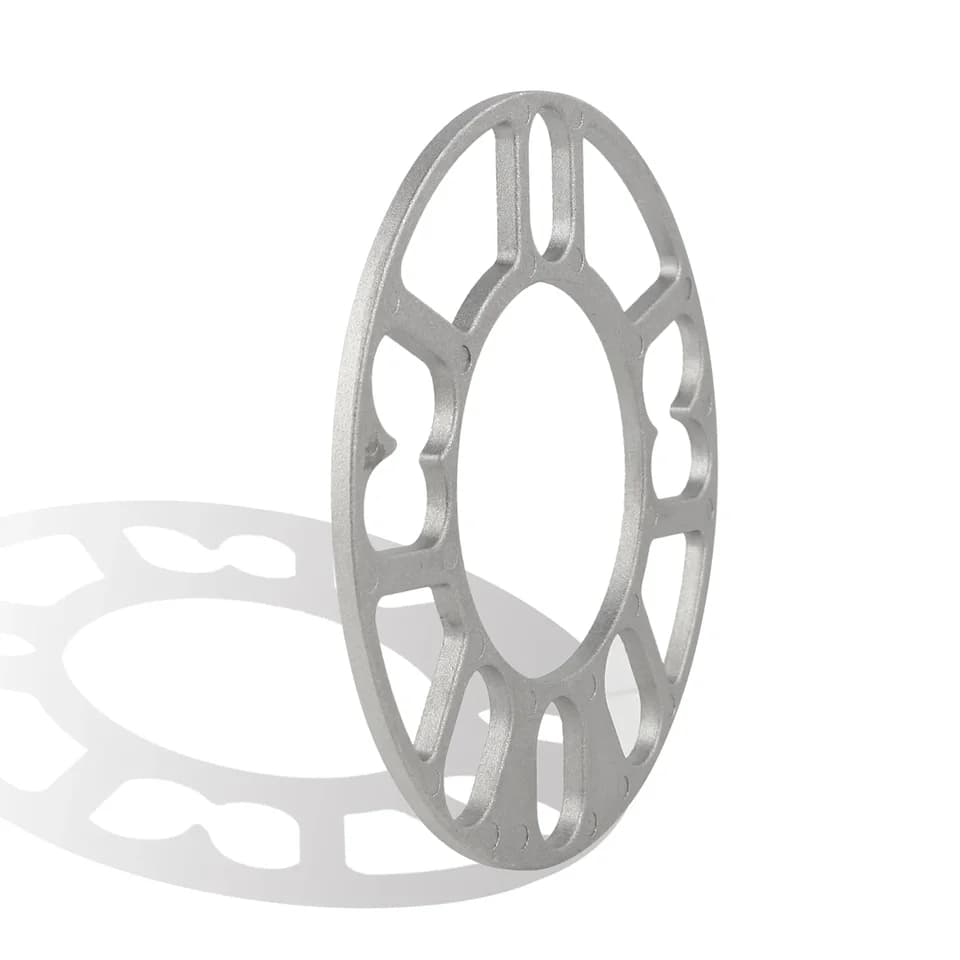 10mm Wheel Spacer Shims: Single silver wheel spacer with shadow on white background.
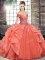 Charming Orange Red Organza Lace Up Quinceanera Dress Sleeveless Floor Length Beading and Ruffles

==

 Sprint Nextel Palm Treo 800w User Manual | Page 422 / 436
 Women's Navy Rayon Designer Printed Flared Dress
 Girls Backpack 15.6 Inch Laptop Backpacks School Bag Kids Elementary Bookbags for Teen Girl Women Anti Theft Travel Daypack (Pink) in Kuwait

* * *

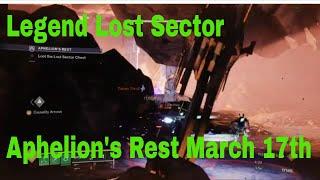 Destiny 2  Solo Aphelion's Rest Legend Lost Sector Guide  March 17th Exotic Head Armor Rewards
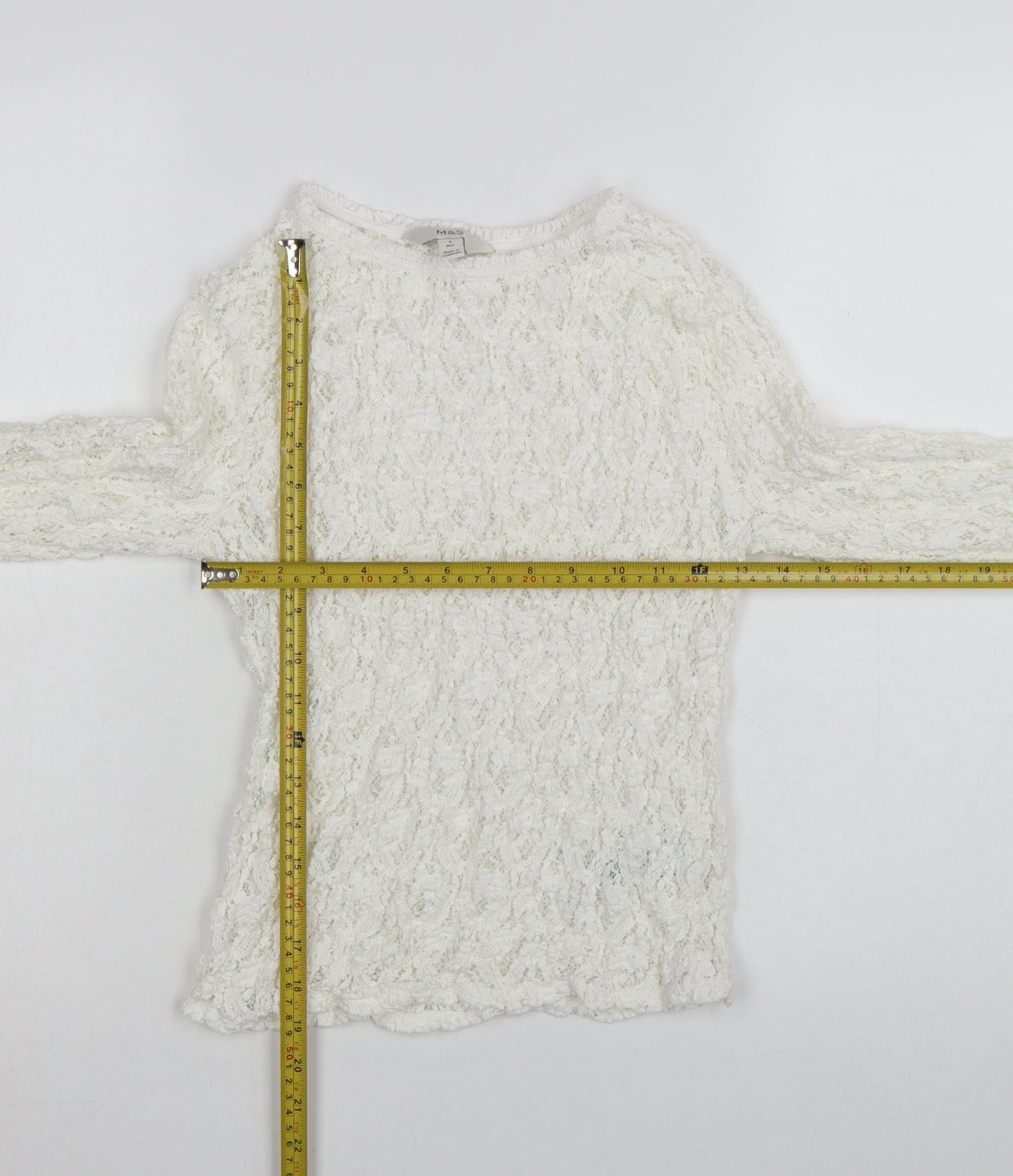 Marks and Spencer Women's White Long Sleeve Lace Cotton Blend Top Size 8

* **How to complete this task**
Start at the line containing "10mm Wheel Spacer" above and stop at the line containing "Charming Orange Red". Output those lines exactly, both included, but none of the pictures.

* **Exercise result**
 10mm Wheel Spacer Shims: Single silver wheel spacer with shadow on white background.
 Charming Orange Red Organza Lace Up Quinceanera Dress Sleeveless Floor Length Beading and Ruffles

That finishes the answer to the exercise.